Over the past thirty plus years, I have had the opportunity to work with hundreds of business owners ranging from mom-and-pop stores to multi-million dollar international companies.  Regardless of the industry or size of the business, the one common issue CEO’s and owners are concerned with is effective decision-making.  In effective decisions are very costly to a business, so any improvement in this competency vastly improves the performance of their company.  The following is a very brief discussion about my ReINVENTive Thinking®, The Art of Decision-making process.

Peter Drucker once said, “…. the root cause of many of today’s business crises is not that things are being done poorly, or even that the wrong things are being done.  In most cases, the right things are being done – but fruitlessly.  The problem; the assumptions on which the business has been built and being run no longer fit reality.”  Peter Drucker said this in a 1994 Harvard Business Review article, The Theory of the Business, and it is still a big issue for businesses today.

What influences our decisions?

What influences our decisions

To the decision-maker all of these influences can be perceived as reality.

I have said for years that “Most people make decisions based on the first-order consequence of the decision.”  Do you know the second, third or possibly the fourth-order consequence of your decision?  Do you need to?  In life there is almost always a second and third-order consequence to a decision.  Coupling this with not recognizing the reality of your situation, can be very costly to the decision-maker.  So, how do you make more effective decisions?

An effective decision process consists of three unique components that are dynamic, and interdependent.

The decision process

The following schematic shows how the decision process works.

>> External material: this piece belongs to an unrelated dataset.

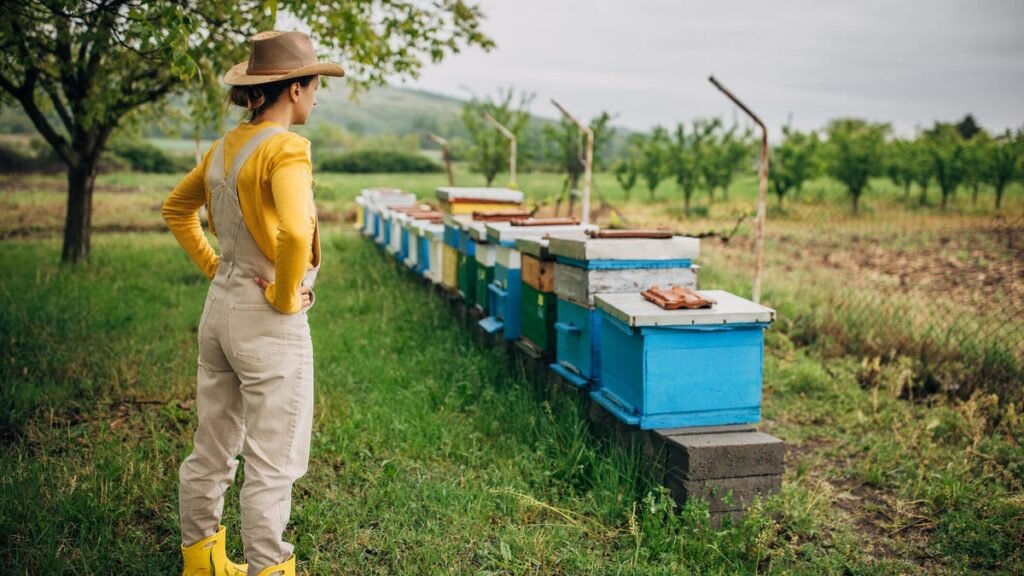 Can AI Find Your Next Obsession? I Tested Its Hobby Suggestions A ohoto of a person wearing overalls standing in front of a row of bee hives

The decision process mechanics

The triangle represents three components of a decision-maker, Decision-making (leadership), Knowledge (competencies) and Action (capabilities).

In this case let’s assume that the schematic represents “how” a business makes decisions.  As outside issues impact a business, the business must be ‘programmed’ to effectively assess the issue.  Is it something that can negatively impact the business?  Is it an opportunity?  Is it meaningless?  To determine this, an organization:

  • Must be receptive to identifying issues that can impact the business. (Blue cloud)
  • Next they must test (through knowledge) the potential impact of the issue. (1)
  • Then they must identify, or design, a reaction/response to the issue. (2)
  • Next, they must test that reaction to the issue. (3)
  • Finally, they must monitor the reaction of the issue. (4)  Adjustments to the response may, or may not, have to be made.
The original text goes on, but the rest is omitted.